I understand, that for an elliptic curve $ y^{2}=x^{3}+ax+b $ over $\mathbb R$ the sum of two points $P=(x_{p},y_{p})$ and $Q=(x_{q},y_{q})$ is $R=(x_{r},y_{r})$: $$x_{r}=\lambda^{2}-x_{p}-x_{q}$$ $$y_{r}=\lambda(x_{p}-x_{r})-y_{p}$$

with the slope $$\lambda=\frac{y_{q}-y_{p}}{x_{q}-x_{p}}$$

Excluding the cases: $P=Q$ (e.g. tangent slope), $P=0$ and $Q=0$ (e.g. $R=0$). If however the elliptic curve is defined over a finite field with prime size $n$: $$y^{2}=x^{3}+ax+b\pmod n$$

Can I just compute the slope for the "standard case" as follows (source: Slide 6)?

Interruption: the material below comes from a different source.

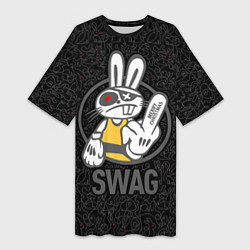 Футболка женская длинная SWAG, bad rabbit, merry Christmas, цвет: 3D-принт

$$\lambda=\frac{y_{q}-y_{p}}{x_{q}-x_{p}} \pmod n$$

I understand that for an element in a finite field (f.e. point $P=(x_{p},y_{p})$) amongst other things an multiplicative inverse has to exist. However the formula for the slope $\lambda$ does only include coordinates of the point, not the element itself.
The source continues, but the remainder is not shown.